Take traditional Ridge regression,
$$ Y_i = \sum_{j=0}^m \beta_{j} X_{i,j} + \epsilon_i $$
we minimize
$$ L_{ridge} = \arg \min_\hat{\beta}(\lambda||\beta||_2^2 + ||\epsilon||^2)$$
where $\lambda$ is the regularization penalty.
Suppose instead our model we wrote our model as
$$ Y_i = \sum_{j=0}^m \beta_j X_{i,j} + \sum_{j=1}^n \beta_{m+j} I_j $$
where $I_j=1$ if $j=i$ and 0 otherwise. In other words, the errors become additional parameters, one for each observation. Now we minimize
$$ L_{ridge} = \arg\min_\hat{\beta}(\lambda||\beta_{1..m}||_2^2 + ||\beta_{m+1,…,m+n}||_2^2)$$
In this case, assuming standardized coefficients, shouldn't it be clear that these "error"/ residual parameters should be treated as any other; i.e. $\lambda = 1$?, so just
$$ L_{ridge} = \arg\min_\hat{\beta}(||\beta_{1..m+n}||_2^2)$$
I see this answer here, but if the data is standardized, I don't see why these error parameters should have a different weight? (Maybe they need to be standardized too.)
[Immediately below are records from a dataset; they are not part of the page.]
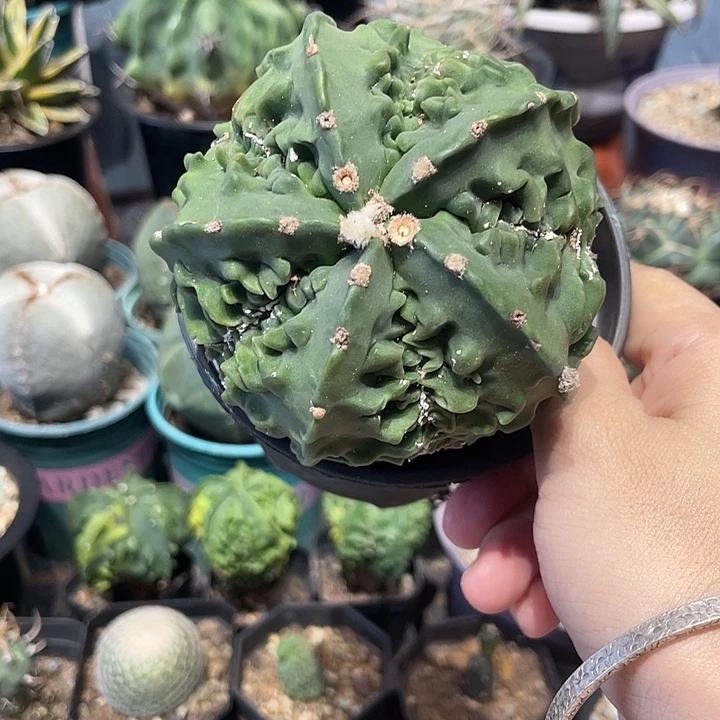 实生核桃仙人球有小干疤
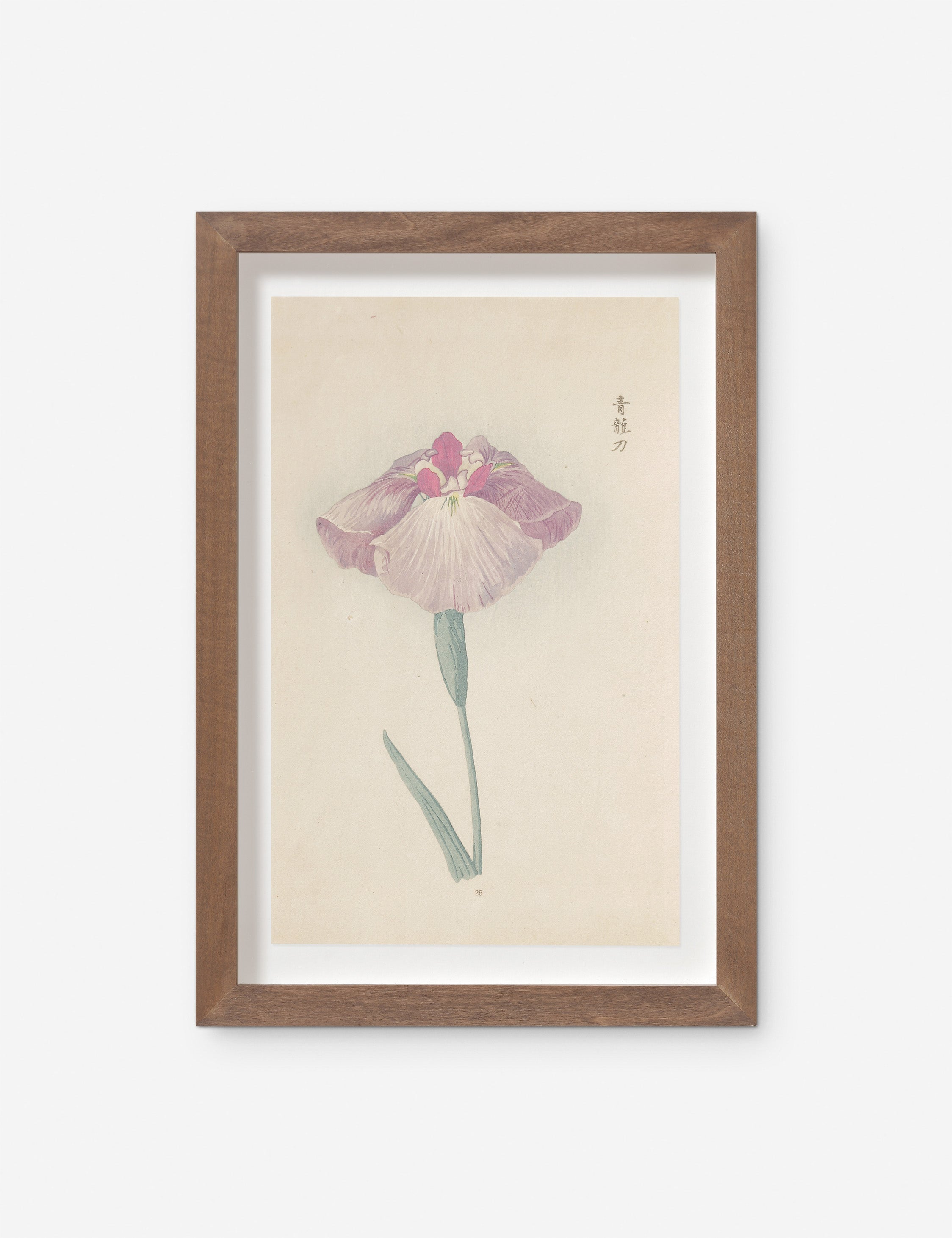 Lulu and Georgia - Vintage Japanese Iris No. 25 Wall Art by Miyoshi Manabu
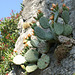 Kaktusfeige in der Blüte. ©UdoSm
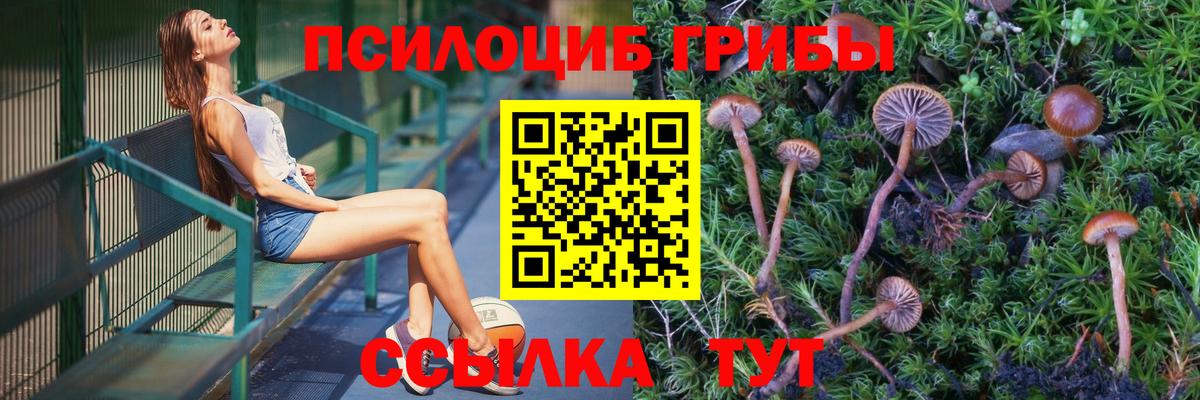 Галлюциногенные грибы прущие грибы  Вход с VPN  Галлюциногенные грибы MAGIC MUSHROOMS  Россошь 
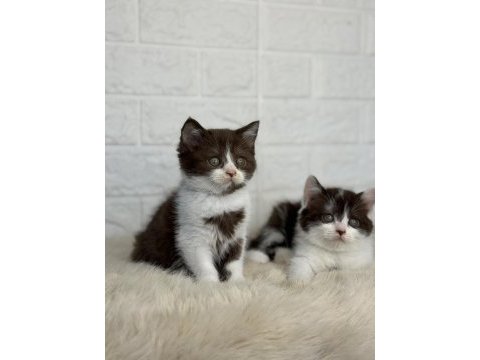 Özel cinnamon ve bicolor british shorthair kalite sevenlere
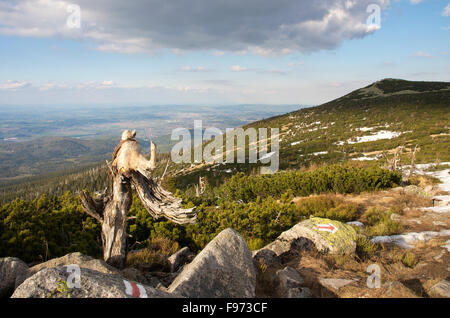 Mays Berglandschaften im Riesengebirge Stockfoto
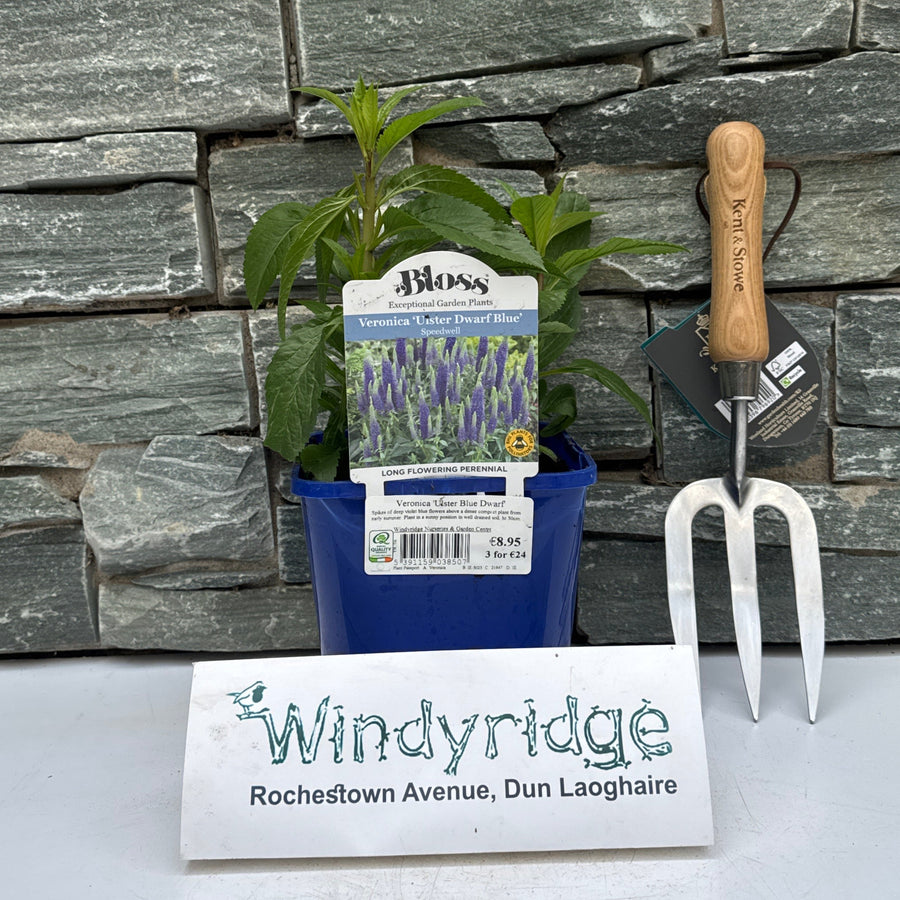 Veronica 'Ulster Blue Dwarf' - Herbaceous - Windyridge Garden Centre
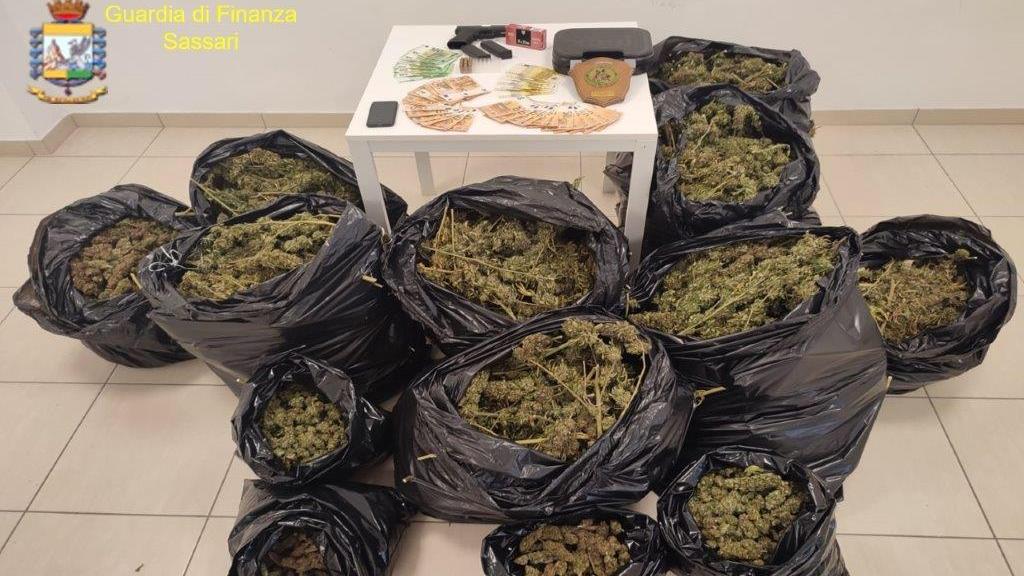 Sulla Nuova di sabato 13, è allarme droga in Sardegna: sequestri raddoppiati
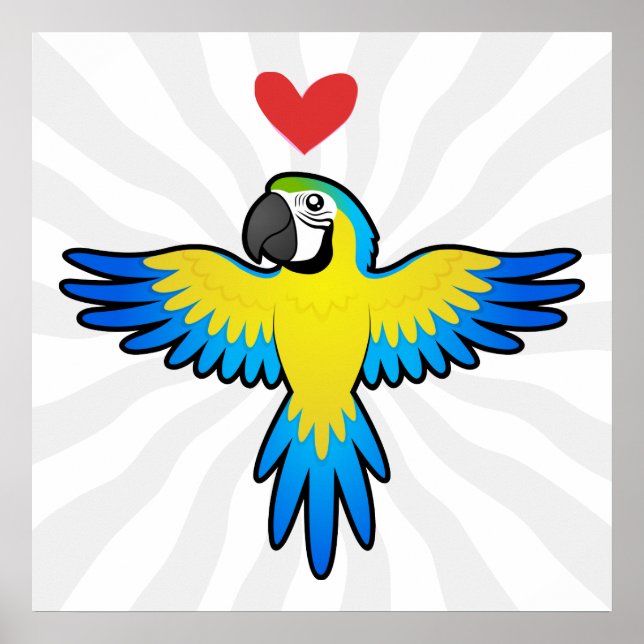 Poster Macaw / Parrot Love (Devant)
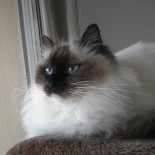 Holly - 2 ans - Chatterie Ragdolls du Val de Beauvoir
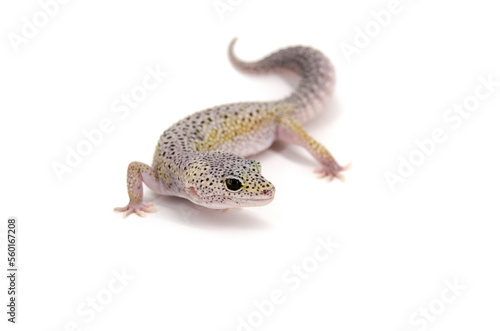 Leopard gecko white background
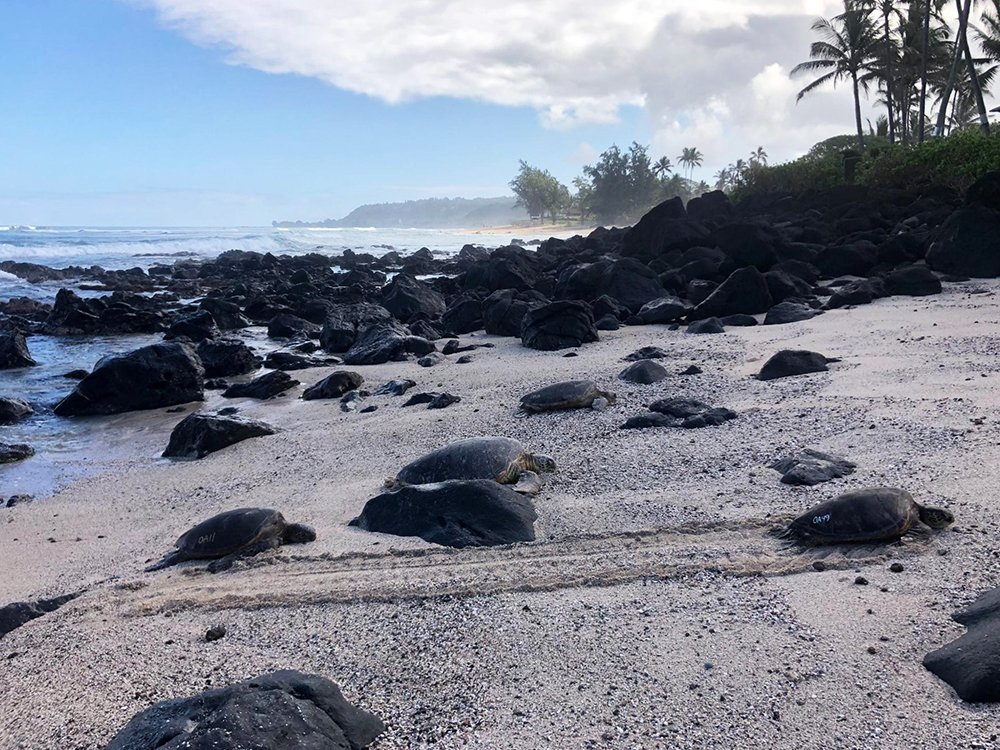 Hawaiian green sea turtles resting on Laniākea Beach on Oʻahu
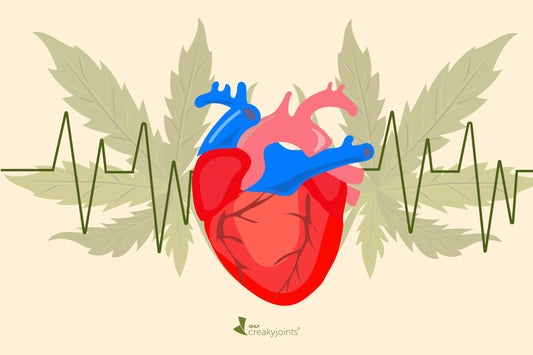Marijuana Use and Heart Disease: Understanding the Potential Risks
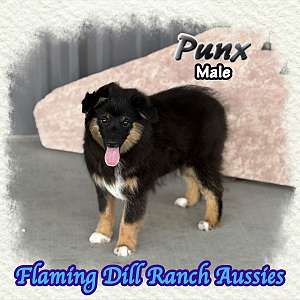 Punx ~ Mini Black Tri Male Aussie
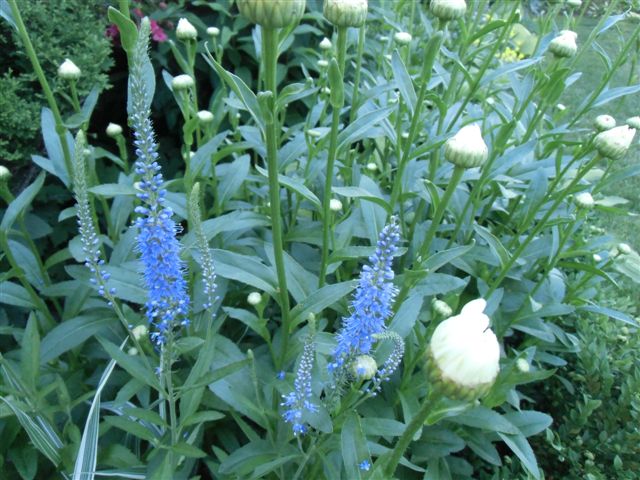 Blog Photo - Blue Salvia wide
(Equivalent question for Lasso with Least Absolute Deviations.)
Best Answer
$\lambda$ doesn't equal $1$ because it is defined as $\sigma^2/\tau^2$ where the $\sigma$ is the observation standard deviation and $\tau$ is the standard deviation of the prior on the coefficients $\beta_j$. Remember the point of ridge regression is to impose a penalty for the coefficients to become too large in magnitude, i.e. a prior $p({\beta})=\prod_j\mathcal N(\beta_j|0,\tau^2)$ is placed on the coefficients. In general when we place a Gaussian prior on parameters of a model to encourage them to be small this is called $\mathscr l_2$ regularization or weight decay.
$\lambda$ is greater than or equal to $0$ with larger values meaning larger precision $1/\tau^2$. Since the prior of $\beta_j$ has mean $0$, this pulls the coefficients closer to $0$ giving them smaller magnitudes.